To install a package, use the install.packages() command. You’ll want to run the following commands to get the necessary packages for today’s lab:

install.packages("ggplot2")
install.packages("MASS")
install.packages("ISLR")
install.packages("knitr")

You only need to install packages once. Once they’re installed, you may use them by loading the libraries using the library() command. For today’s lab, you’ll want to run the following code

library(ggplot2) # graphics library
library(MASS)    # contains data sets, including Boston
library(ISLR)    # contains code and data from the textbook
library(knitr)   # contains kable() function

options(scipen = 4)  # Suppresses scientific notation

3. Simple Linear Regression with the Boston Housing data.

This portion of the lab gets you to carry out the Lab in §3.6 of ISLR (Pages 109 - 118). You will want to have the textbook Lab open in front you as you go through these exercises. The ISLR Lab provides much more context and explanation for what you’re doing.

Please run all of the code indicated in §3.6 of ISLR, even if I don’t explicitly ask you to do so in this document.

Note: You may want to use the View(Boston) command instead of fix(Boston).

(a) Use the dim() command to figure out the number of rows and columns in the Boston housing data
# View(Boston)
dim(Boston)
## [1] 506  14
(b) Use the nrow() and ncol() commands to figure out the number of rows and columns in the Boston housing data.
# Edit me
nrow(Boston)
## [1] 506
ncol(Boston)
## [1] 14
(c) Use the names() command to see which variables exist in the data. Which of these variables is our response variable? What does this response variable refer to?

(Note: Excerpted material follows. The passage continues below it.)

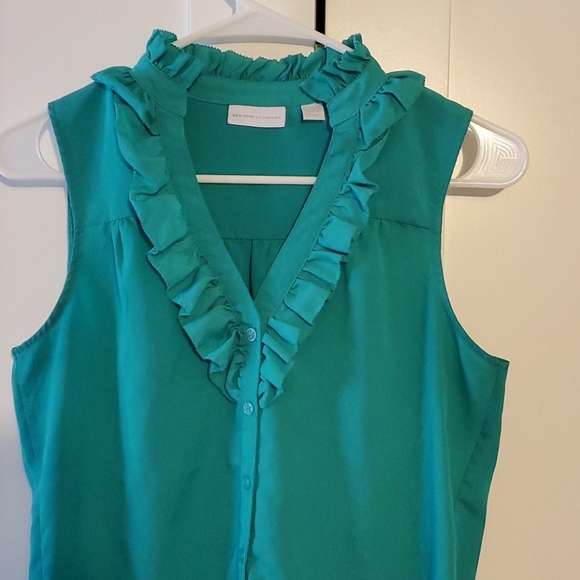 Grean Teal Blouse - Picture 2 of 3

How many input variables do we have?
# Edit me
names(Boston)
##  [1] "crim"    "zn"      "indus"   "chas"    "nox"     "rm"      "age"    
##  [8] "dis"     "rad"     "tax"     "ptratio" "black"   "lstat"   "medv"

  • The response variable is medv, which represents the median house value for various neighbourhoods in Boston.

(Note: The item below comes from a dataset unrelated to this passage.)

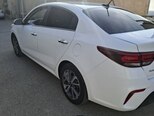 Kia Rio-9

  • There are a total of 14 columns in the data. One of these is the response variable medv, which leaves 13 “predictor” or “input” variables.

(d) Use the lm() function to a fit linear regression of medv on lstat. Save the output of your linear regression in a variable called lm.fit.
# Edit me
lm.fit <- lm(medv ~ lstat, data = Boston)
(e) Use the summary() command on your lm.fit object to get a print-out of your regression results
# Edit me
summary(lm.fit)
## 
## Call:
## lm(formula = medv ~ lstat, data = Boston)
## 
## Residuals:
##     Min      1Q  Median      3Q     Max 
## -15.168  -3.990  -1.318   2.034  24.500 
## 
## Coefficients:
##             Estimate Std. Error t value Pr(>|t|)    
## (Intercept) 34.55384    0.56263   61.41   <2e-16 ***
## lstat       -0.95005    0.03873  -24.53   <2e-16 ***
## ---
## Signif. codes:  0 '***' 0.001 '**' 0.01 '*' 0.05 '.' 0.1 ' ' 1
## 
## Residual standard error: 6.216 on 504 degrees of freedom
## Multiple R-squared:  0.5441, Adjusted R-squared:  0.5432 
## F-statistic: 601.6 on 1 and 504 DF,  p-value: < 2.2e-16
(f) Uncomment the line below to get a ‘nice’ printout of the coefficients table
kable(coef(summary(lm.fit)), digits = c(4, 5, 2, 4))
Estimate Std. Error t value Pr(>|t|)
(Intercept) 34.5538 0.56263 61.42 0
lstat -0.9500 0.03873 -24.53 0
(g) Call names() on lm.fit to explore what values this linear model object contains.
names(lm.fit)
##  [1] "coefficients"  "residuals"     "effects"       "rank"         
##  [5] "fitted.values" "assign"        "qr"            "df.residual"  
##  [9] "xlevels"       "call"          "terms"         "model"
(h) Use the coef() function to get the estimated coefficients. What is the estimated Intercept? What is the coefficient of lstat in the model? Interpret this coefficient.
coef(lm.fit)
## (Intercept)       lstat 
##  34.5538409  -0.9500494
coef(lm.fit)["(Intercept)"]
## (Intercept) 
##    34.55384
coef(lm.fit)["lstat"]
##      lstat 
## -0.9500494

  • The intercept in the model is 34.6.

  • The coefficient of lstat in the model is -0.95. This means that for each 1% increase in the % of low socioeconomic status individuals residing in the neighbourhood, median home values on average decrease by $950.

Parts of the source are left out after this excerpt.